Work to complete:
Return the entries exactly. Images are not part of the copy.

The data:
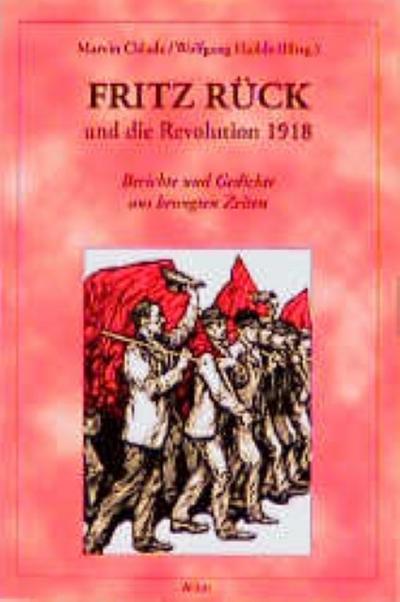 Fritz Rück und die Revolution 1918. Berichte und Gedichte aus bewegten Zeiten - Marvin Chlada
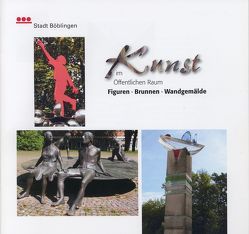 Kunst im Öffentlichen Raum – Figuren, Brunnen, Wandgemälde von Froitzheim,  Eva-Marina, Glatzle,  Ulrich, Stadt Böblingen,  - Amt für Kultur, Vogelgsang,  Alexander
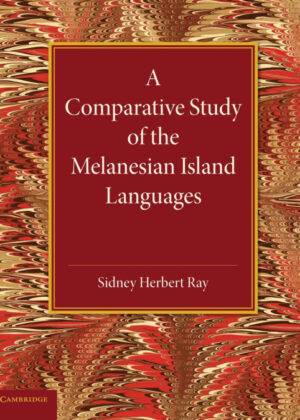 Libro A Comparative Study of the Melanesian Island Languages <span> Sidney Herbert Ray </span> - KusiBooks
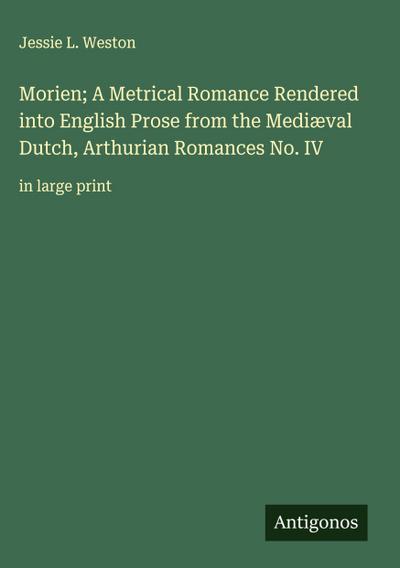 Morien; A Metrical Romance Rendered into English Prose from the Mediæval Dutch, Arthurian Romances No. IV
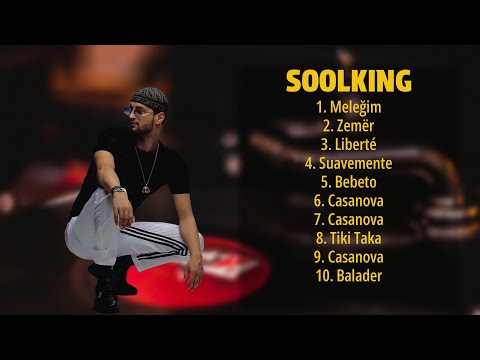 Playlist Soolking Top 10 Popular Songs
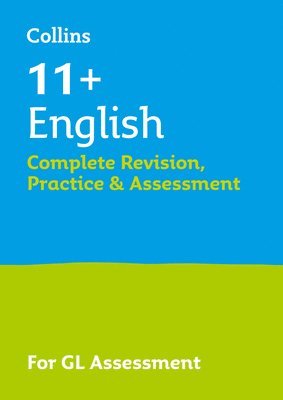 11+ English Complete Revision, Practice & Assessment for GL 1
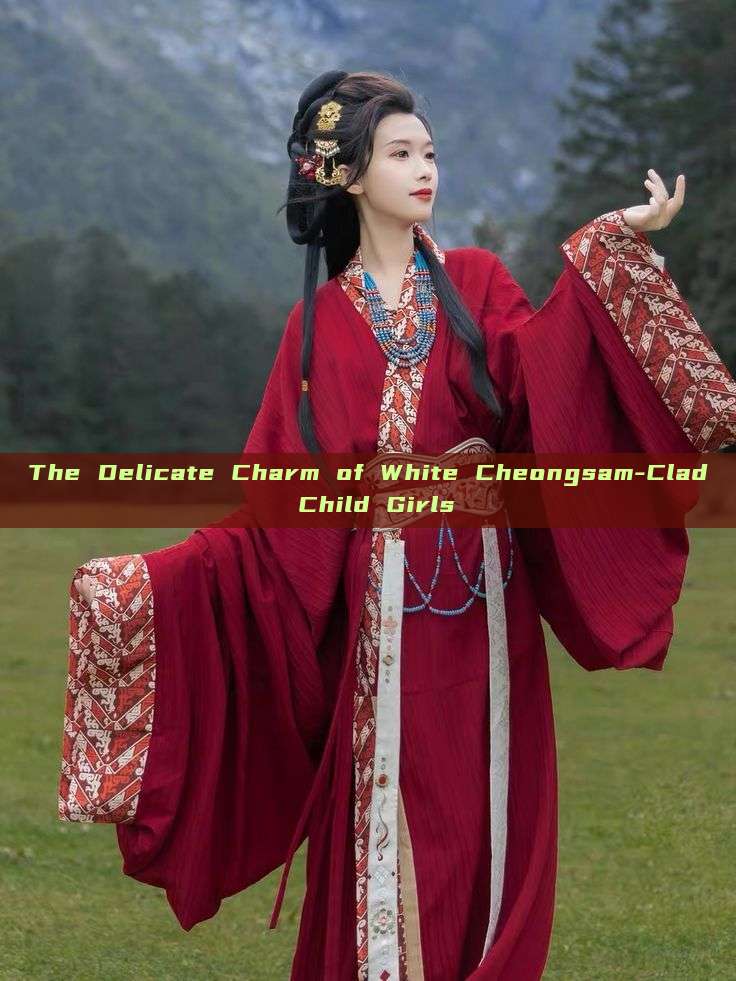 The Delicate Charm of White Cheongsam-Clad Child Girls The Delicate Charm of White Cheongsam-Clad Child Girls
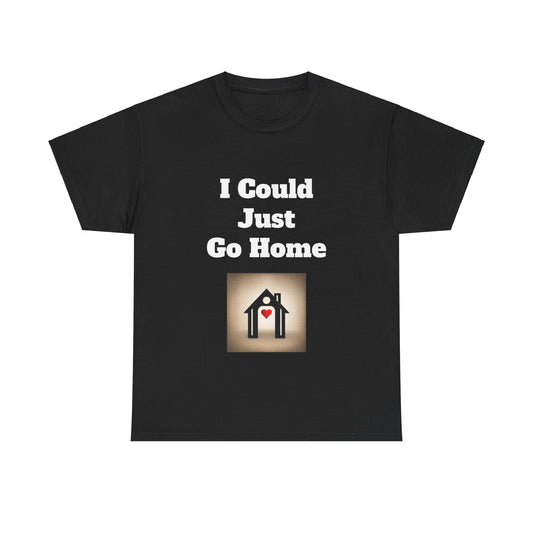 I Could Just Go Home Tee (Black)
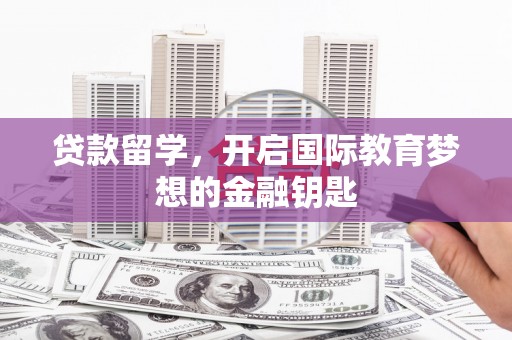 沙坪坝贷款留学，开启国际教育梦想的金融钥匙
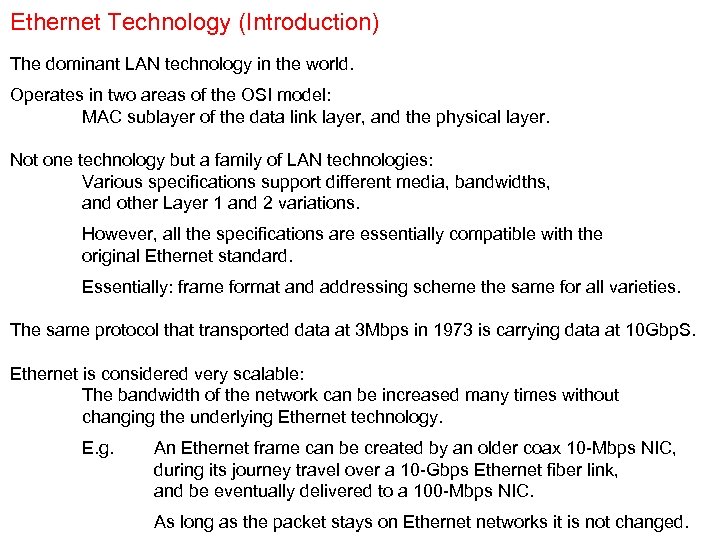 Ethernet Technology (Introduction) The dominant LAN technology in the world. Operates in two areas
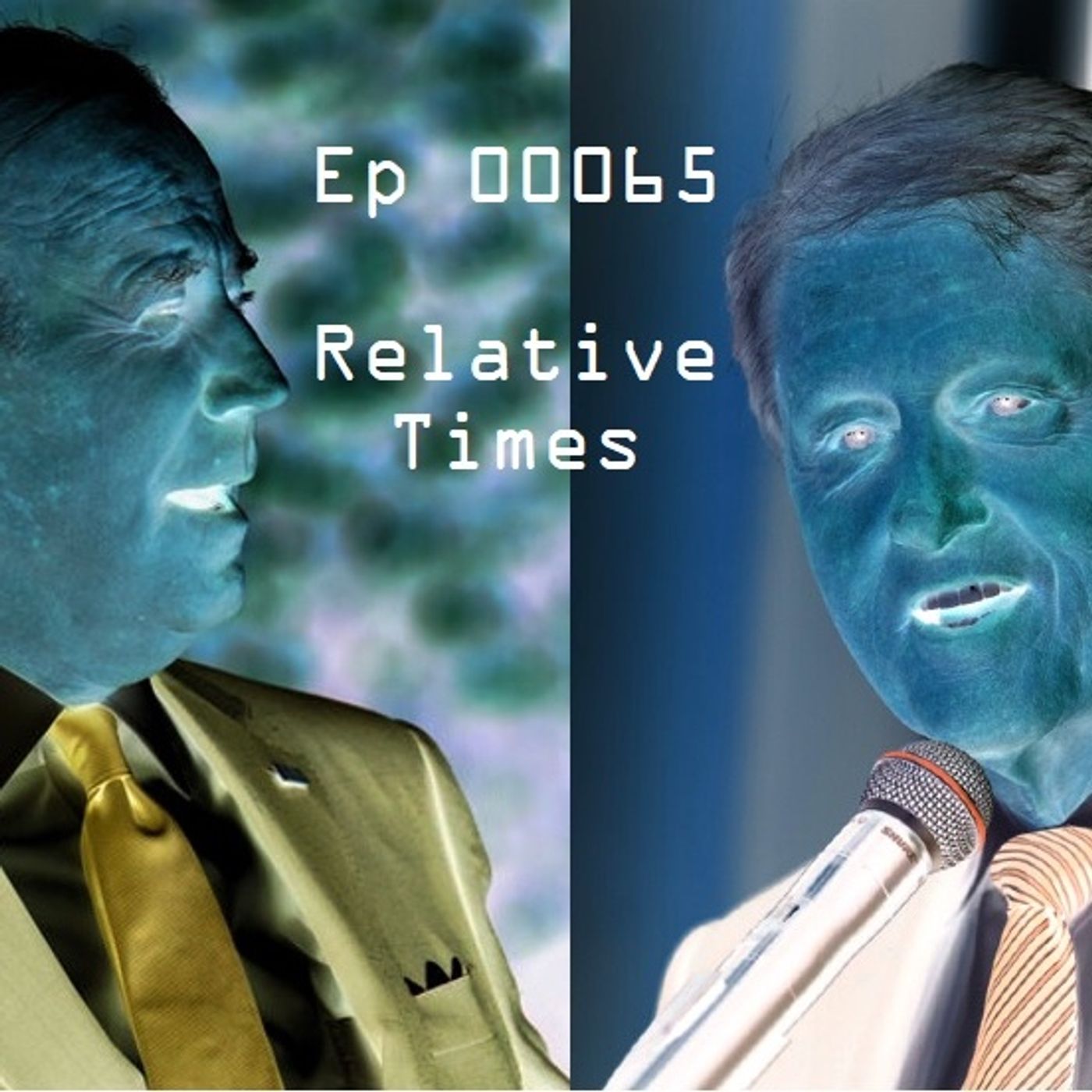 Ep 00065 - Relative Times episode artwork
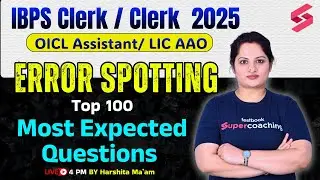 IBPS Clerk/ SBI Clerk 2025 | SBI/ IBPS Clerk Error Spotting Most Expected Questions | Harshita Ma'am
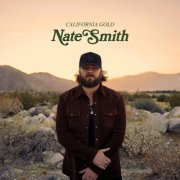 Nate Smith - California Gold (2024) [Hi-Res]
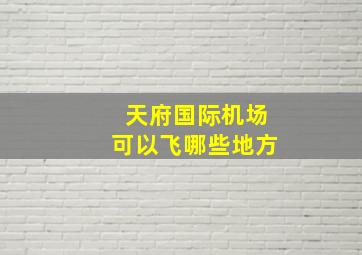 天府国际机场可以飞哪些地方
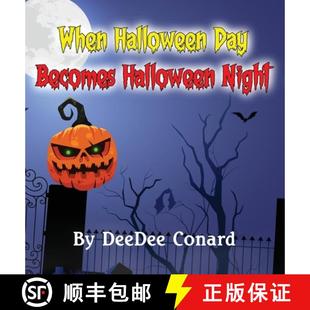 Day Halloween Becomes Night 预订 9781960179203 When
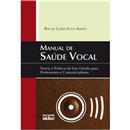 Manual de Saúde Vocal: Teoria e Prática da Voz ...
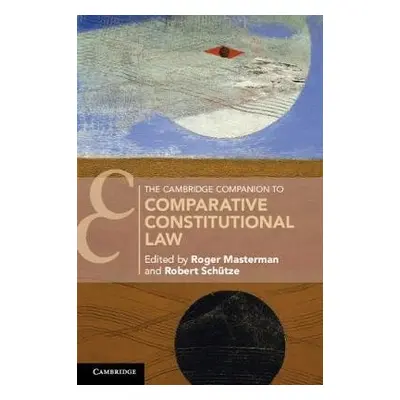 Cambridge Companion to Comparative Constitutional Law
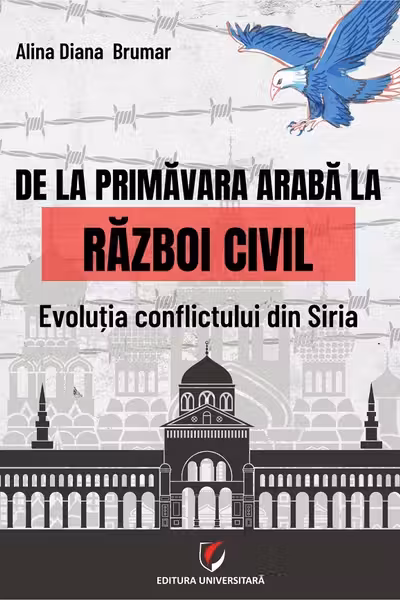 De la primăvară arabă la război civil. Evoluția conflictului din Siria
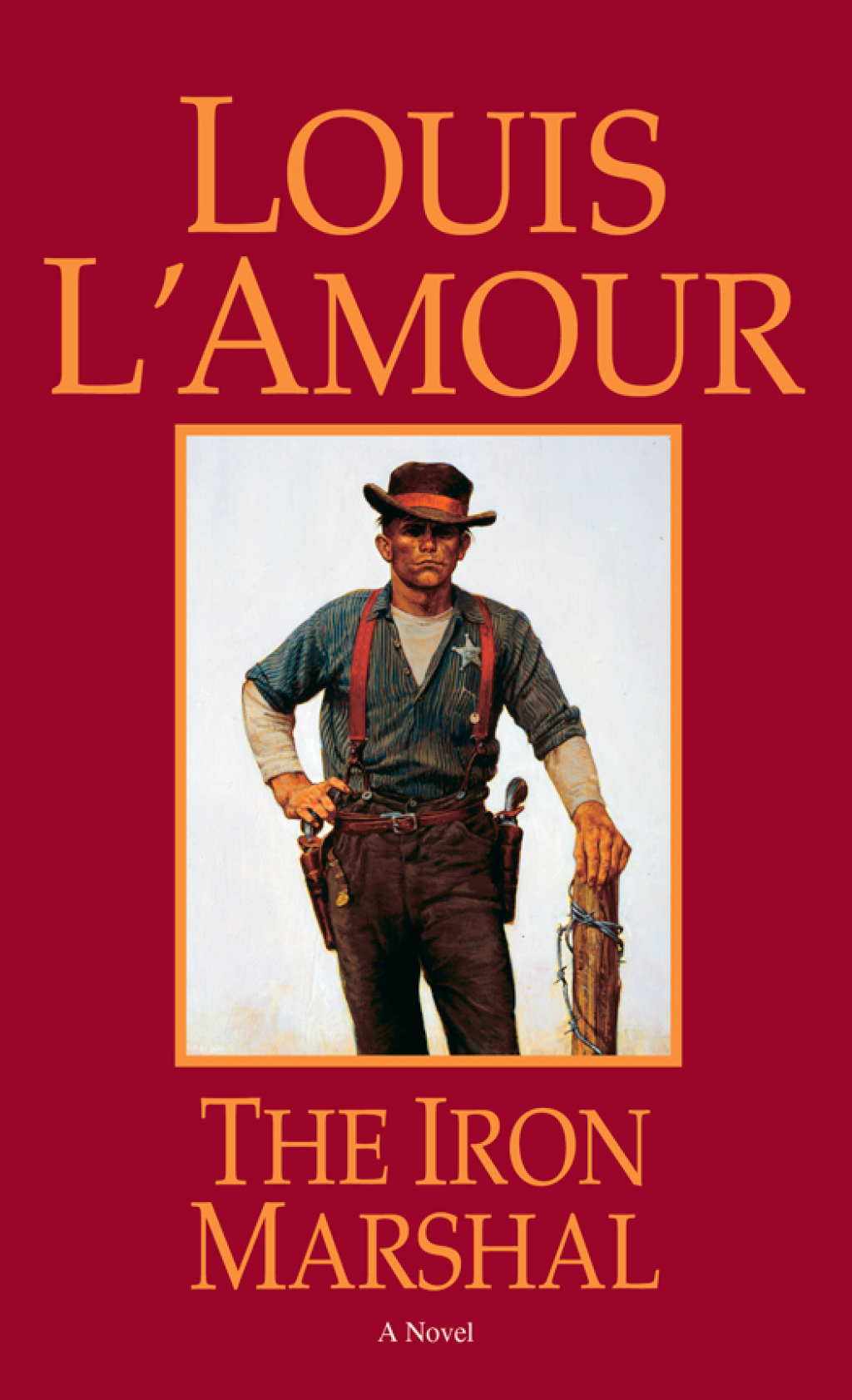 Iron Marshal Louis L'Amour Author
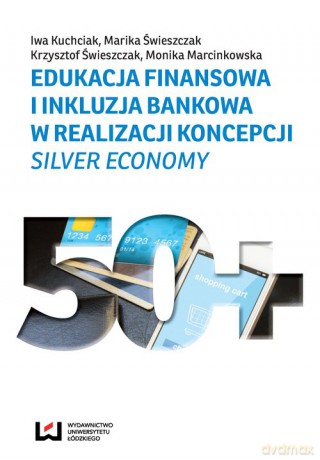 Edukacja finansowa i inkluzja bankowa w realizacji koncepcji silver economy - Iwa Kuchciak, Marika Świeszczak [KSIĄŻKA]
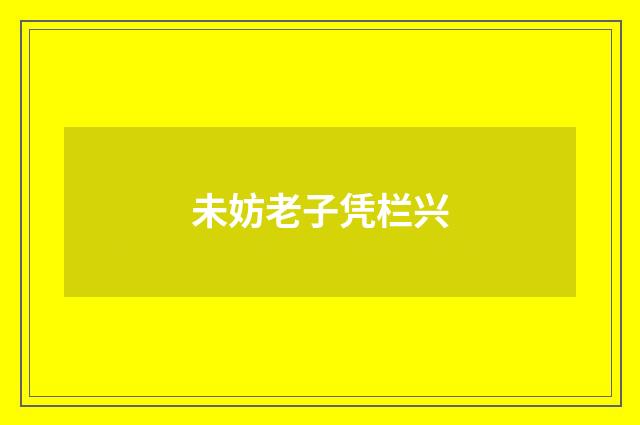 未妨老子凭栏兴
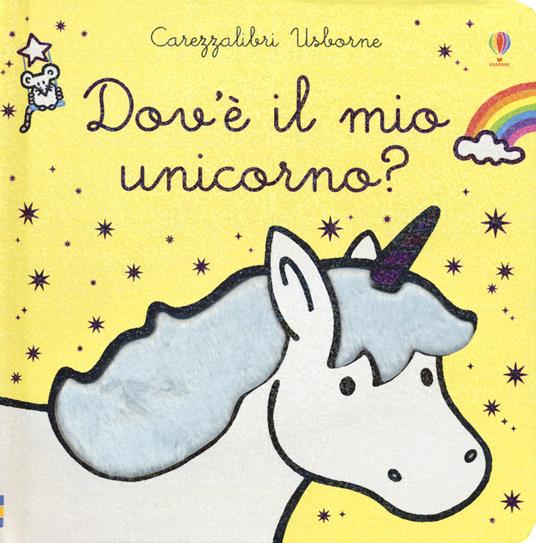 Dov'è il mio unicorno? Ediz. a colori - Fiona Watt - copertina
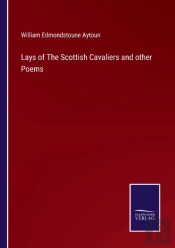 Lays Of The Scottish Cavaliers And Other Poems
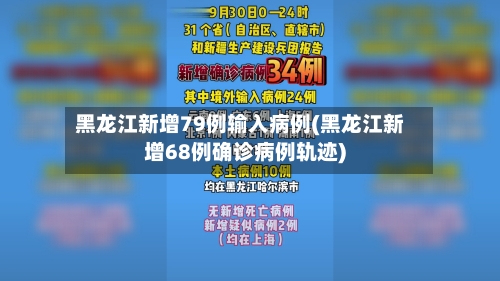 黑龙江新增79例输入病例(黑龙江新增68例确诊病例轨迹)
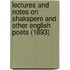 Lectures And Notes On Shakspere And Other English Poets (1893)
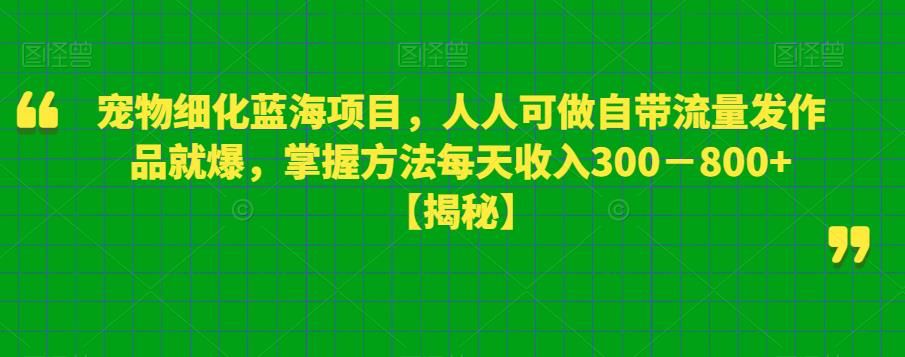 宠物细化蓝海项目，人人可做自带流量发作品就爆，掌握方法每天收入300－800+【揭秘】-云帆项目库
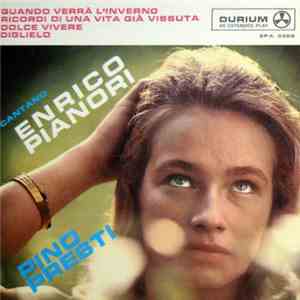 Enrico Pianori, Pino Presti - Quando Verra L'inverno album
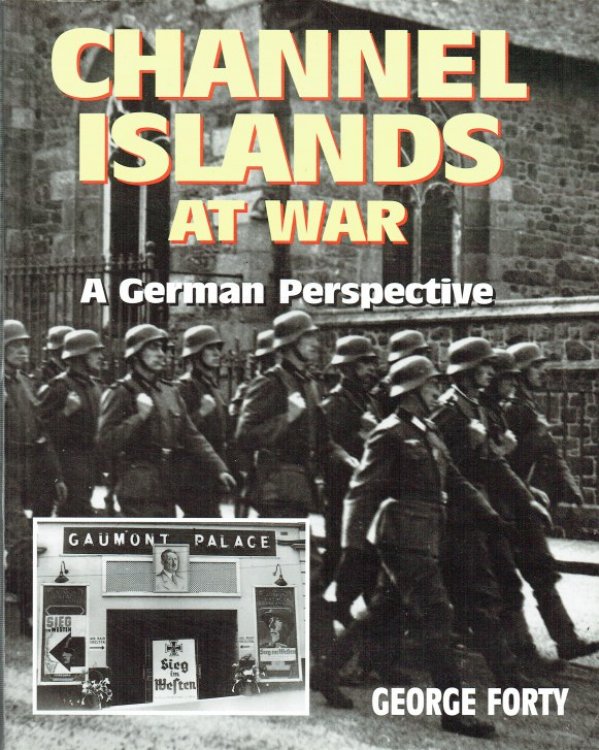 CHANNEL ISLANDS AT WAR : A GERMAN PERSPECTIVE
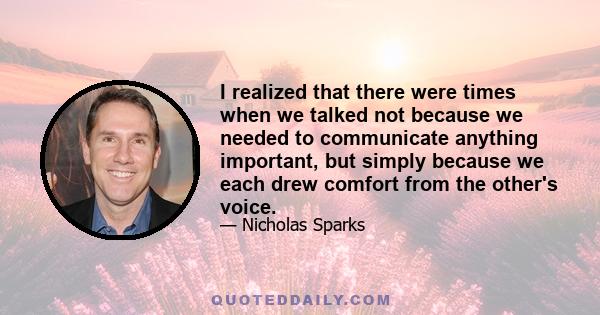 I realized that there were times when we talked not because we needed to communicate anything important, but simply because we each drew comfort from the other's voice.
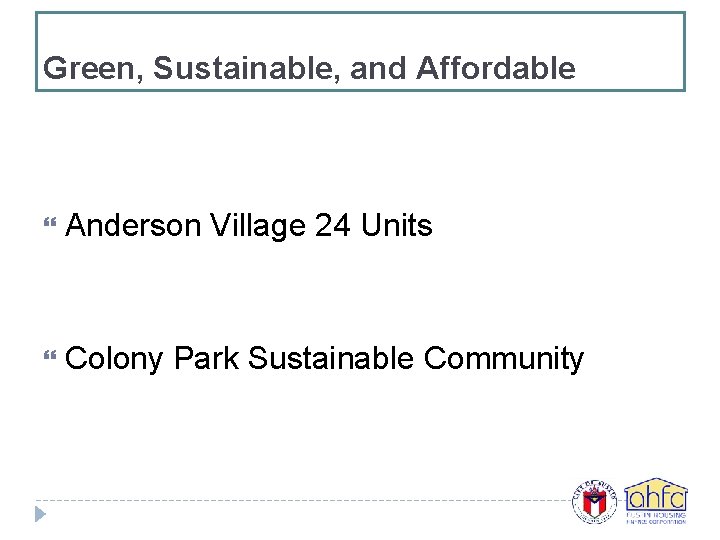 Green, Sustainable, and Affordable Anderson Village 24 Units Colony Park Sustainable Community 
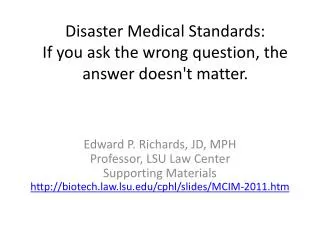 Disaster Medical Standards: If you ask the wrong question, the answer doesn't matter.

Written solution:
 Fritz Rück und die Revolution 1918. Berichte und Gedichte aus bewegten Zeiten - Marvin Chlada
 Kunst im Öffentlichen Raum – Figuren, Brunnen, Wandgemälde von Froitzheim,  Eva-Marina, Glatzle,  Ulrich, Stadt Böblingen,  - Amt für Kultur, Vogelgsang,  Alexander
 Libro A Comparative Study of the Melanesian Island Languages <span> Sidney Herbert Ray </span> - KusiBooks
 Morien; A Metrical Romance Rendered into English Prose from the Mediæval Dutch, Arthurian Romances No. IV
 Playlist Soolking Top 10 Popular Songs
 11+ English Complete Revision, Practice & Assessment for GL 1
 The Delicate Charm of White Cheongsam-Clad Child Girls The Delicate Charm of White Cheongsam-Clad Child Girls
 I Could Just Go Home Tee (Black)
 沙坪坝贷款留学，开启国际教育梦想的金融钥匙
 Ethernet Technology (Introduction) The dominant LAN technology in the world. Operates in two areas
 Ep 00065 - Relative Times episode artwork
 IBPS Clerk/ SBI Clerk 2025 | SBI/ IBPS Clerk Error Spotting Most Expected Questions | Harshita Ma'am
 Nate Smith - California Gold (2024) [Hi-Res]
 天府国际机场可以飞哪些地方
 Day Halloween Becomes Night 预订 9781960179203 When
 Manual de Saúde Vocal: Teoria e Prática da Voz ...
 Cambridge Companion to Comparative Constitutional Law
 De la primăvară arabă la război civil. Evoluția conflictului din Siria
 Iron Marshal Louis L'Amour Author
 Edukacja finansowa i inkluzja bankowa w realizacji koncepcji silver economy - Iwa Kuchciak, Marika Świeszczak [KSIĄŻKA]
 未妨老子凭栏兴
 Dov'è il mio unicorno? Ediz. a colori - Fiona Watt - copertina
 Lays Of The Scottish Cavaliers And Other Poems
 黑龙江新增79例输入病例(黑龙江新增68例确诊病例轨迹)
 Lectures And Notes On Shakspere And Other English Poets (1893)
 宠物细化蓝海项目，人人可做自带流量发作品就爆，掌握方法每天收入300－800+【揭秘】-云帆项目库
 Enrico Pianori, Pino Presti - Quando Verra L'inverno album
 CHANNEL ISLANDS AT WAR : A GERMAN PERSPECTIVE
 I realized that there were times when we talked not because we needed to communicate anything important, but simply because we each drew comfort from the other's voice.
 Green, Sustainable, and Affordable Anderson Village 24 Units Colony Park Sustainable Community 
 Disaster Medical Standards: If you ask the wrong question, the answer doesn't matter.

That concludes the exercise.